Kimse kendi ego, nefs ve makam düşüncesiyle hareket etmemeli. 6’lı Masa’nın belki de en önemli katkısı işte bu ortak aidiyet bilinci. O 6’lı Masa yemek yemek için bir araya gelmiyor. Gizli bir şey de yok orada, her şey açık.

“OTORİTER LİDERLERLE VERDİĞİ MANZARA, ÖVÜNÜLECEK BİR MANZARA DEĞİL”

*Geçen gün Şanghay İşbirliği Örgütü fotoğrafı. İktidar cenahı bu fotoğraftan hareketle sayın Cumhurbaşkanı’nın ne büyük siyasi lider olduğunun ispat yarışına girdiler.
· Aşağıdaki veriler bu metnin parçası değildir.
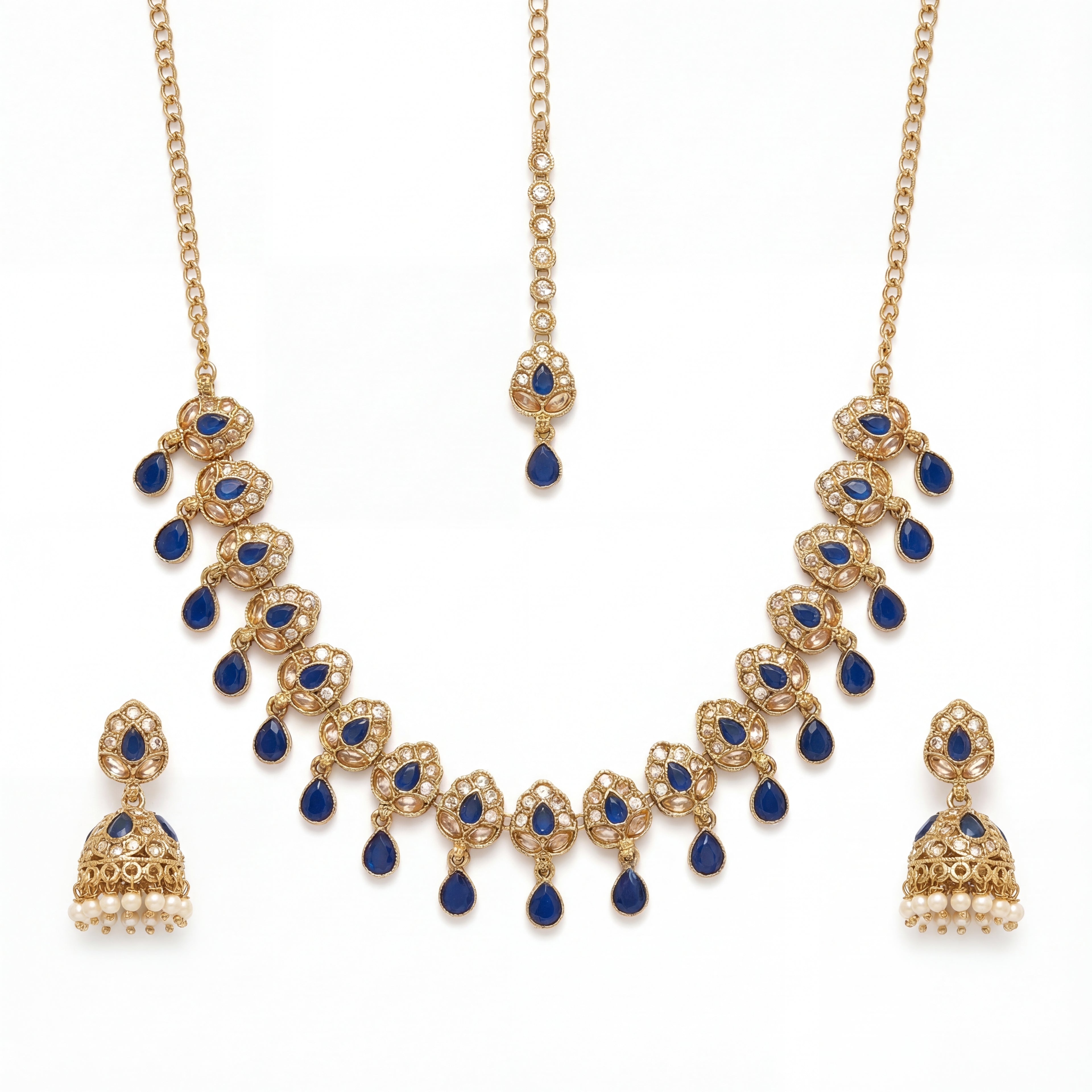 Studio flatlay of the gold-tone polki necklace with matching earrings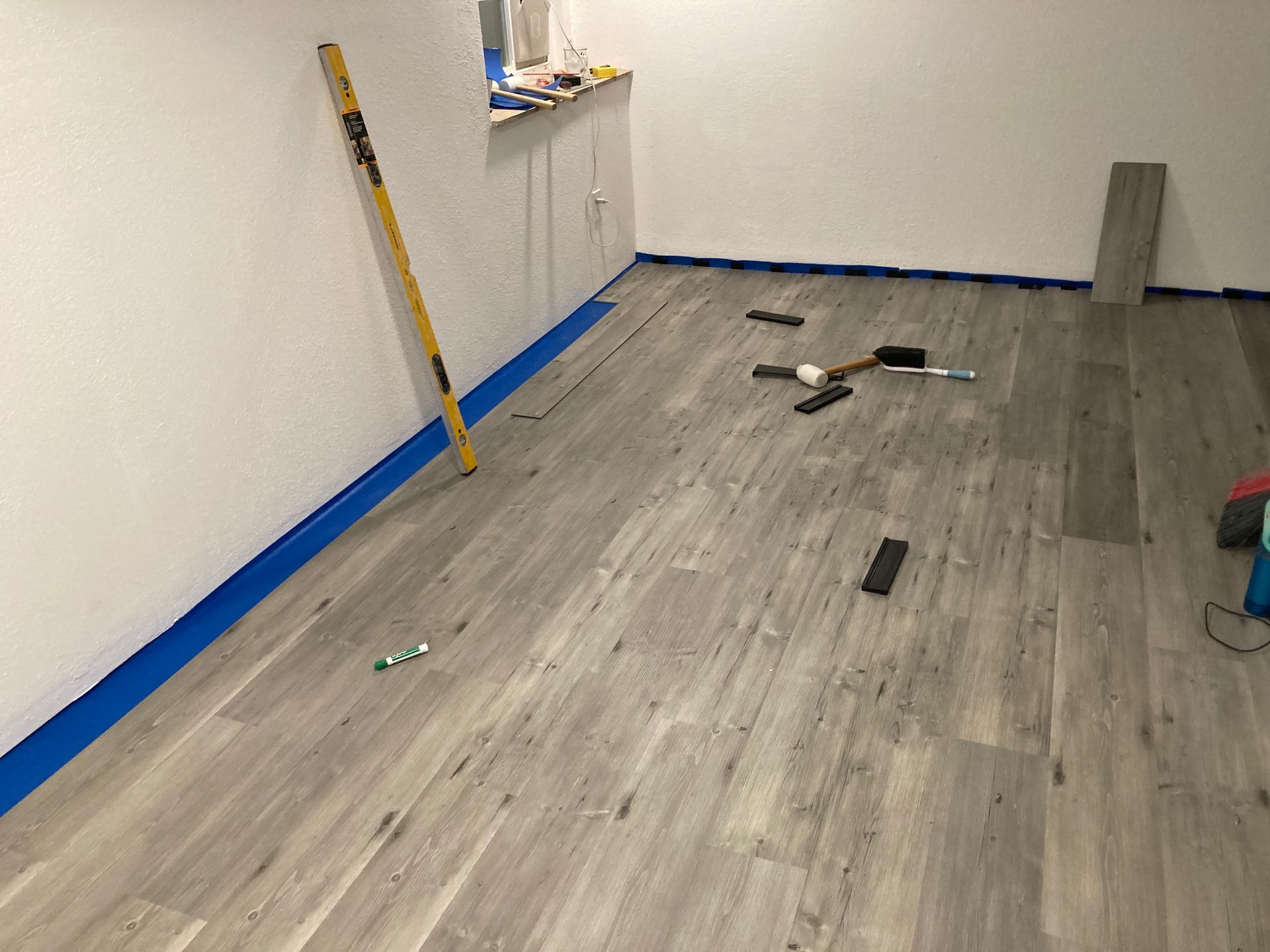 A room with a wooden floor and a level on the floor.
*Şanghay İşbirliği Örgütü ile ortak diyalog anlaşmasını 26 Nisan 2013’te ben imzaladım. İmzalarken de hiç gocunmadım, çekinmedim. Ama şimdi o anlaşma üzerinden geliştirilen bu ilişkiler çerçevesinde o fotoğrafa girenlere şunu hatırlatmak isterim: O fotoğraf yanlış olmayabilirdi.

*Ne zaman yanlış olmazdı biliyor musunuz? Eğer Türkiye kurucusu olduğu Avrupa Konseyi’nden neredeyse ihraç sürecine girmemiş olsaydı yanlış olmazdı.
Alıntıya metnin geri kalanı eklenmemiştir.